Procedural macro code generation offers a high-leverage response to the structural uniformity problem inherent in event-sourced domain repositories. In a SaaS platform with 20 domain entities, manual repository implementations totaled 13,600 lines; after macro refactoring, the equivalent functionality required 2,400 lines of domain-specific code plus 2,917 lines of reusable macro infrastructure—a 61% total reduction and an 80% reduction in per-entity boilerplate. Time-to-add-new-entity decreased from 4–6 hours to approximately 30 minutes. AI pattern analysis accurately identified the five macro abstractions from examination of existing implementations; human judgment was required for API boundary design and compile-time validation specification. A GSI query defect in the initial implementation was identified and resolved before production deployment through compile-time attribute validation. This analysis documents the design decisions, implementation outcomes, and actionable principles derived from this work.

Key Findings

Five derive macros eliminated 80% of per-entity boilerplate across 20 domain entities. The macro infrastructure investment of 2,917 lines reached break-even at the fourth entity migration and yields compounding savings for every subsequent entity.
AI accurately extracts repeating patterns from a corpus of existing implementations. Given five representative entity implementations, the evaluator agent produced a macro design recommendation that identified the correct abstraction boundaries and required minimal revision.
Compile-time attribute validation is the primary mechanism for preventing macro misconfiguration. The GSI defect in the initial implementation was caused by missing compile-time validation; adding attribute dependency checks eliminated the class of misconfiguration error.
Test helpers generated in test-only compilation contexts provide measurably improved test authoring ergonomics. Macro-generated fixtures, event constructors, and assertion helpers reduce per-test setup overhead and enforce consistent test patterns across all entities.
AI does not validate macro configurations against architectural intent without explicit specification. The initial DynamoDB macro generated query operations without specifying the GSI name because the functional specification did not enumerate GSI configuration as a required attribute; the macro API must be designed by a human who understands the architectural intent.
The macro API design phase is the highest-leverage human contribution. Implementation of macro logic is a systematic task where AI performs well; the decisions about which invariants to enforce, which attributes to require, and what error messages to produce require architectural judgment that AI agents do not apply by default.
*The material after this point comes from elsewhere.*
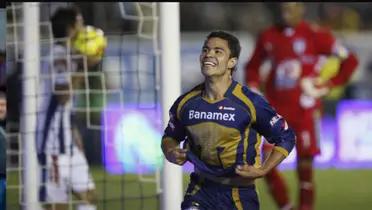 Pablo Barrera con Pumas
1. Introduction: The Scale of the Problem

By January 2025, a SaaS platform had accumulated 20 or more domain entities (Leads, Accounts, Opportunities, Products, and others). Each entity required five categories of surrounding infrastructure:

Event sourcing boilerplate: approximately 100 lines (version tracking, event replay, uncommitted event accumulation)
DynamoDB repository: approximately 300 lines (CRUD operations, entity-domain conversion, GSI queries)
In-memory test repository: approximately 80 lines (HashMap-backed CRUD for unit test isolation)
Caching decorator: approximately 150 lines (Moka-backed read-through cache with write-invalidate)
Event helper methods: approximately 50 lines (aggregate ID access, event type string, metadata)

At 680 lines per entity across 20 entities, this infrastructure accounted for 13,600 lines of near-identical code. The practical consequences included: multi-location manual propagation of every bug fix, copy-paste drift that introduced subtle behavioral differences across entity implementations, and 4–6 hours of ramp time for each new entity.

2. Pattern Analysis

An AI evaluator agent was provided access to five representative entity implementations and directed to identify common patterns and recommend a macro abstraction strategy. The agent’s analysis:

Analyzing Lead, Account, Opportunity, Product, Contact...

Patterns found:
1. Event sourcing: All have version, uncommitted_events, replay()
2. Repositories: All implement save(), find_by_id(), delete()
3. Test helpers: All have test_fixture(), assert_events()
4. Event enums: All need aggregate_id(), event_type()
5. Caching: All use Moka with same TTL and write-invalidate

Recommendation: Create 5 derive macros to eliminate this.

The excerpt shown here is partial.